Originally posted by kingdanwa
I haven't the time (nor generally the patience) for many of these discussions. But if I may add a brief recommendation. C.S. Lewis' The Great Divorce is a fascinating little book. It is important to read his preface, where he lays out the ground rules for what is to follow. The book can be read in a weekend, and I'd like to think that you wouldn't regret the two hours spent reading.
I just finished this book and second the recommendation.
I think the narrator would address my question in the following way.
There is not in fact compassion in heaven, to the extent that compassion is an emotion and not an act, for joy is the only emotion available in heaven, and any attempt to hold on to any other competing emotion keeps one from entering heaven; hell essentially consists in clinging to things other than joy, such as sorrow or revenge.
However, the narrator also finds that nobody is damned to hell against his will; all people in hell choose to be there, and all who want to leave it are free to. Thus, there is ultimately no need for compassion, for those that are in hell have chosen it and are free to reject it. ( The premise of the story is that a busload of people in hell take a trip to heaven and are given the option to stay there; most don't because they insist on clinging to non-joy.)
Further, if compassion did exist among heaven's residents, it would be exploited by those in hell to hold power over those in heaven, much as people on earth exploit the pity of others, and inject a bit of hell into heaven. This is illustrated by a man who takes the bus to heaven to visit his wife and grows furious that she has not missed him, and berates her for not coming to hell to be with him.
Says the Teacher to the narrator, who has asked about the absence of pity on the part of those in heaven for those in hell, "Son, son, it must be one way or the other. Either the day must come when joy prevails and all the makers of misery are no longer able to infect it: or else for ever and ever the makers of misery can destroy in others the happiness they reject in themselves. I know it has a grand sound to say ye'll accept no salvation which leaves even once creature in the dark outside. But watch that sophistry or ye'll make a Dog in the Manger the tyrant of the universe."*
Finally, the narrator would say that "Wouldn't heaven be even better if ..." is a meaningless question. Heaven doesn't exist along a spectrum, even at the very tip, of goodness. Heaven's joy is completely binary - you experience all of it or none of it. If you have to ask, "Wouldn't this place be better if ...", then you are in hell.
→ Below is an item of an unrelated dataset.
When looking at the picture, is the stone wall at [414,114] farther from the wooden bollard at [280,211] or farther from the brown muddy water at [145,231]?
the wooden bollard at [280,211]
In summary, since heaven is a place of perfect joy, compassion, due to its exploitability, is not a compatible emotion. But it is also a useless emotion, for there exist no souls for whom one would feel compassion - in the afterlife, everybody gets exactly what they want. (This is a major departure from traditional notions of damnation. There were no roasting humans or hot pokers in the story.) If you insist on maintaining compassion at the expense of joy, you will not enter heaven; entering heaven is a matter of choosing to experience nothing but joy. The issue is that this is difficult for many people because they have invested so much of their life in non-joy.
There were several other interesting aspects peripherally related to the topic at hand, such as commentary on the Heisenberg-like nature of the interrelationship between time, eternity and freedom.
I would like to share a final quote from the book with this forum:
"Give no fool the pretext to think ye are claiming knowledge of what no mortal knows."
Dr. S
*Fans of Ayn Rand's philosophy will appreciate the logic and conclusion of this theme of the story. It's remarkably analogous to the motivation and goal of the strike in Atlas Shrugged, which created a heaven on earth in the midst of a hell, on the either-or principle that people of joy must refuse, without compromise, to be enslaved by people of misery who had in fact become the "tyrants of the universe."